■ Data:
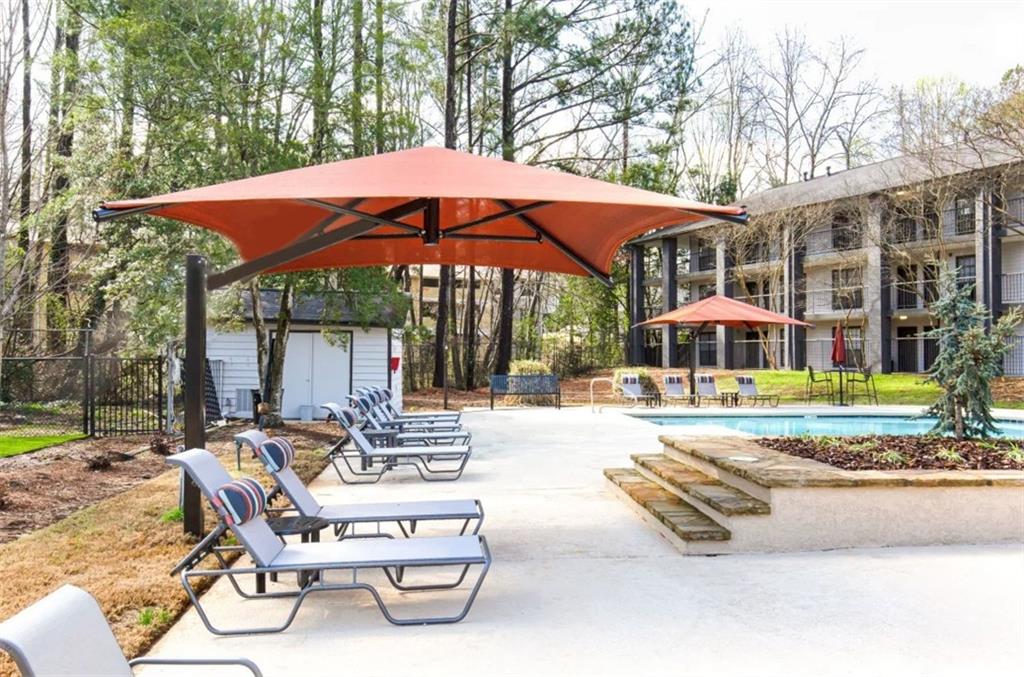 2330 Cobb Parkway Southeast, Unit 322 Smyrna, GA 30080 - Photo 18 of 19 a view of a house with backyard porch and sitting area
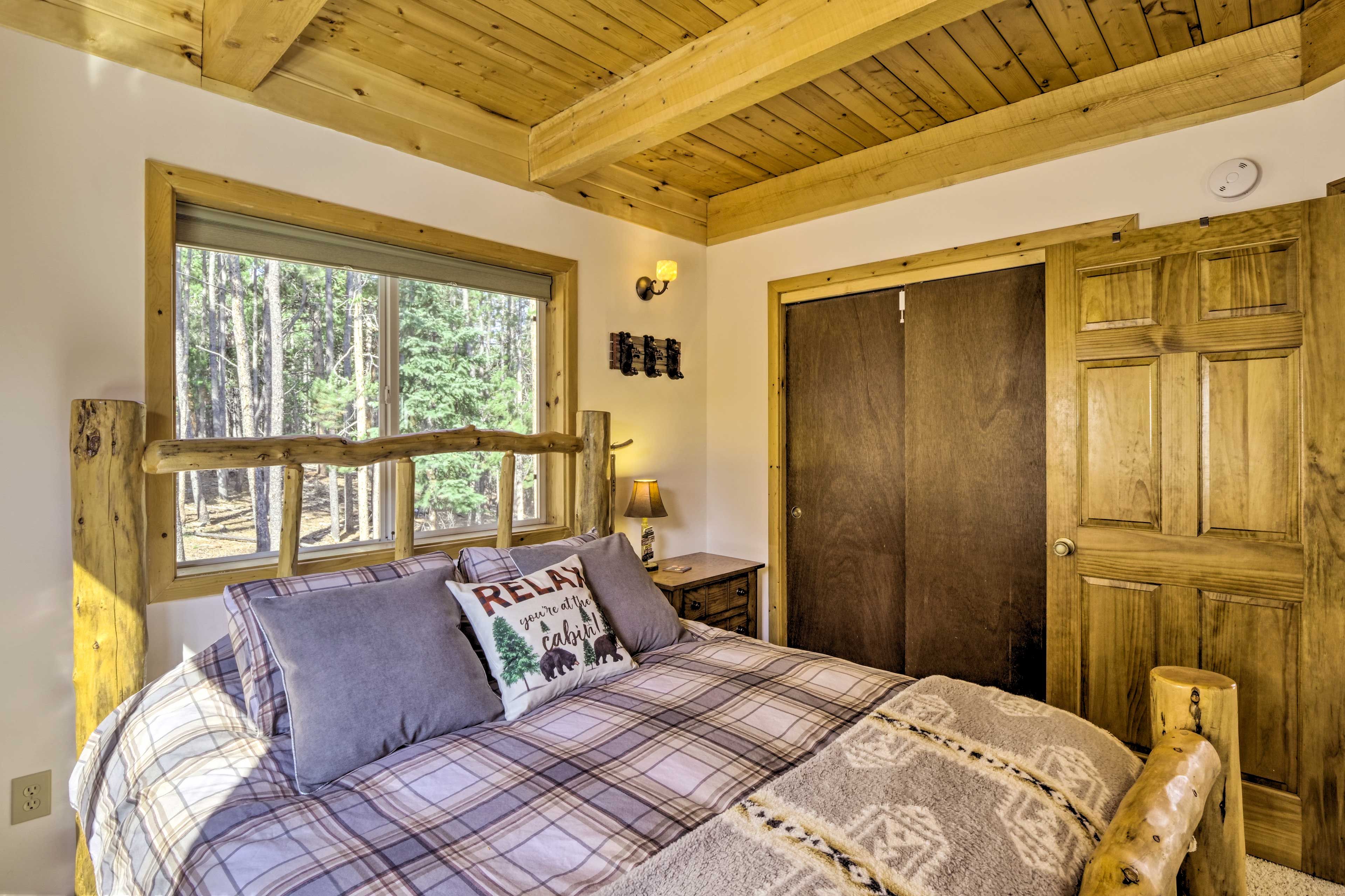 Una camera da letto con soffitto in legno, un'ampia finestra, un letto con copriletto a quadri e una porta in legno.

---

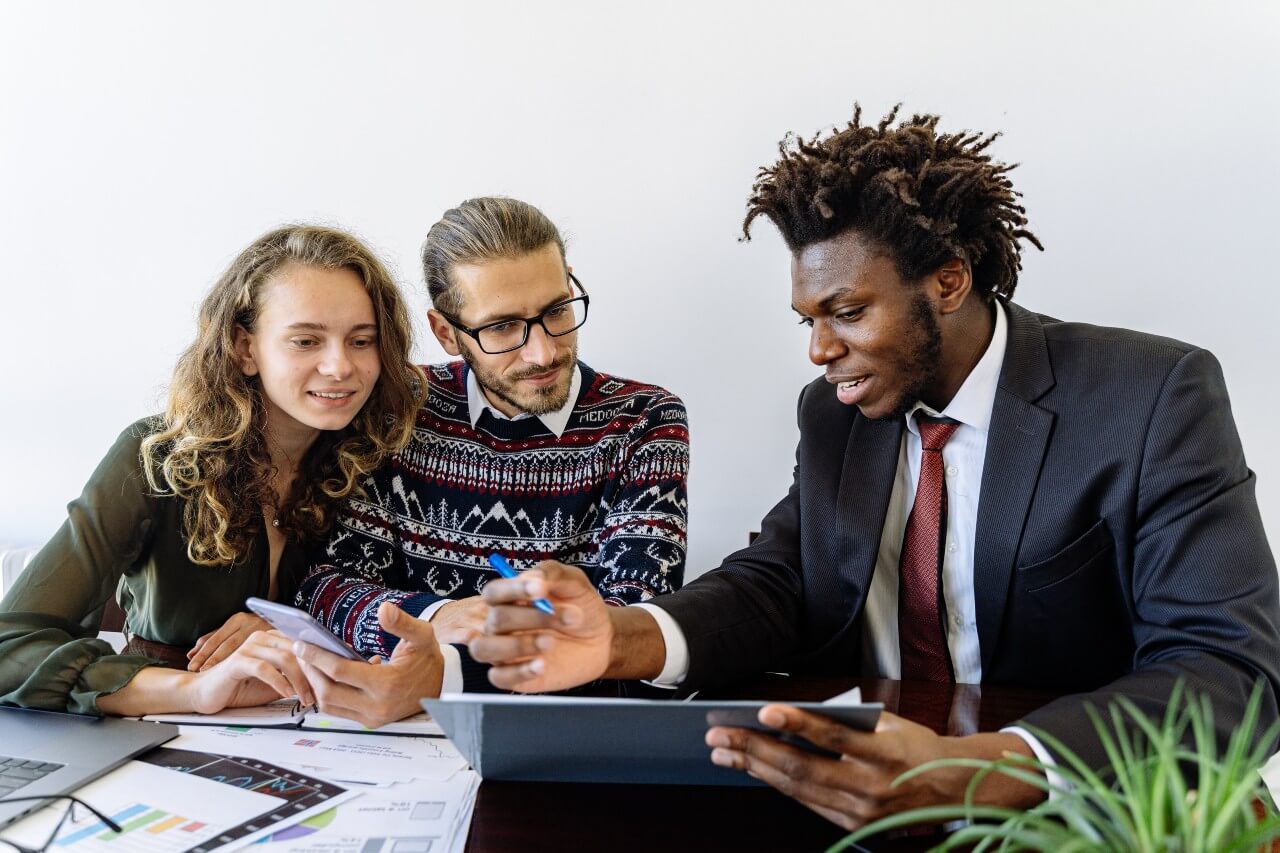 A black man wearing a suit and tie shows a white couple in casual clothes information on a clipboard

■ Task objective:
Look back over the records above. Reproduce exactly everything from the line with "2330 Cobb Parkway" down to the line with "Una camera da", inclusive, and leave the pictures out.

■ Exercise answer:
 2330 Cobb Parkway Southeast, Unit 322 Smyrna, GA 30080 - Photo 18 of 19 a view of a house with backyard porch and sitting area
 Una camera da letto con soffitto in legno, un'ampia finestra, un letto con copriletto a quadri e una porta in legno.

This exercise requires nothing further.